Les sapeurs le préviennent :
«- Seigneur, quand vous voudrez, nous pourrons faire tomber cette tour.
– Eh bien, voilà qui me fait plaisir ; Puisque cela dedans ne veulent obéir, il est normal qu’on les fasse mourir. »
Le feu est mis. Le plafond de la galerie cède. La moitié de la tour s’effondre. Beaucoup meurent dans les décombres. Le reste des assiégés est fait prisonnier. Ils sont envoyés à Paris où ils seront exécutés. Désormais, le sud de la vallée de Seine est à peu près dégagé. Charles le Régent a assisté à la scène.
Mais le danger vient maintenant de Vernon. Le dauphin emmène Bertrand Du Guesclin en son château du Goulay. Arrivé sur place, il apprend que son père est mort le 08 août 1364 à Londres.

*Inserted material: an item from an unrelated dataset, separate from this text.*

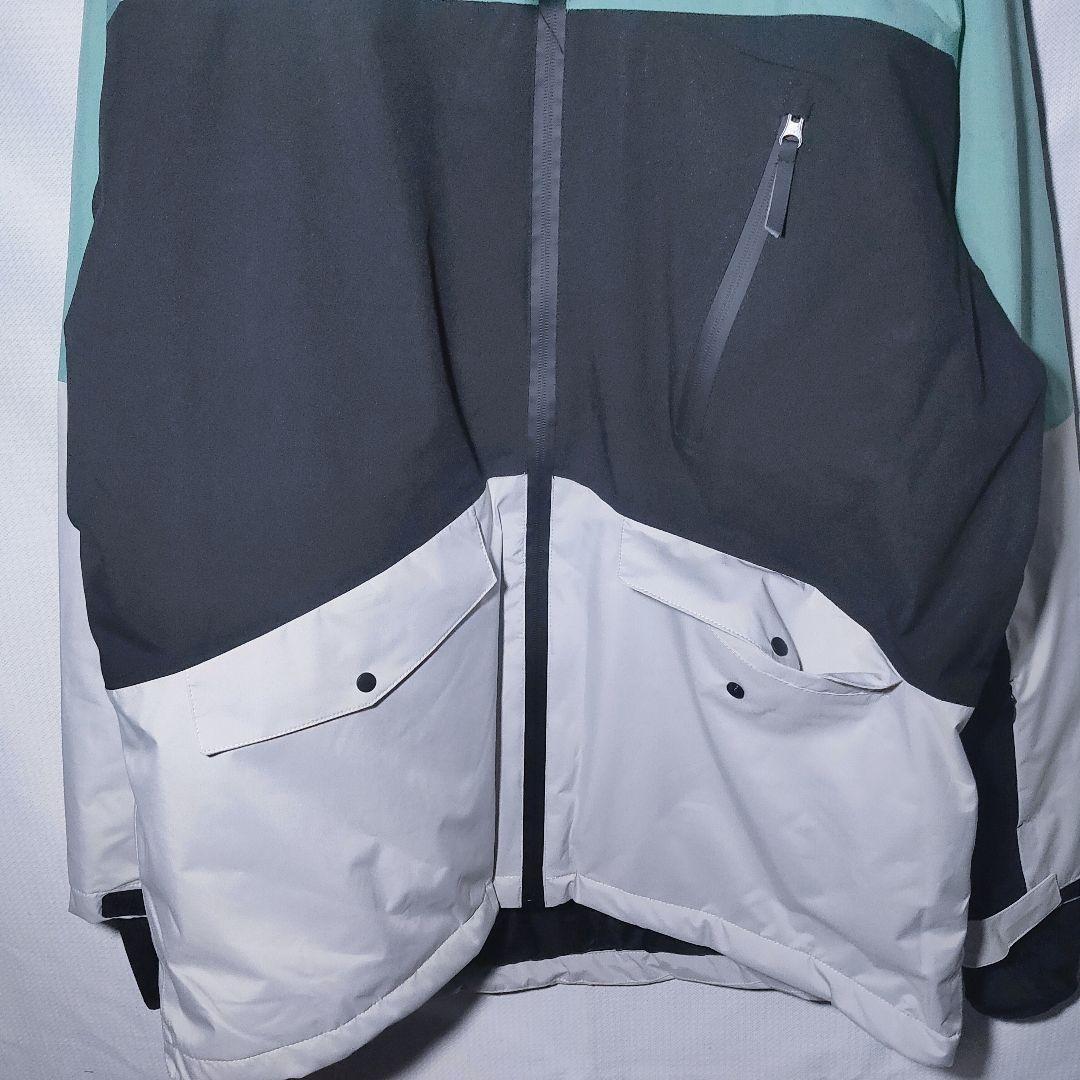 新品 上下セット 3L 防水防寒スーツ イージス スノーミント ワークマン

A 27 ans, Charles le dauphin devient roi de France sous le nom Charles V. Maintenant le destin de Bertrand est lié au roi. Ils seront inséparables jusqu’à la mort de Du Guesclin en 1380. Charles V mourra 6 mois plus tard. L’histoire les a juste titre associés, faisant d’eux l’un des couples célèbres à l’instar de Dagobert – St Éloi, Henry IV – Sully, ou Louis XIII – Richelieu.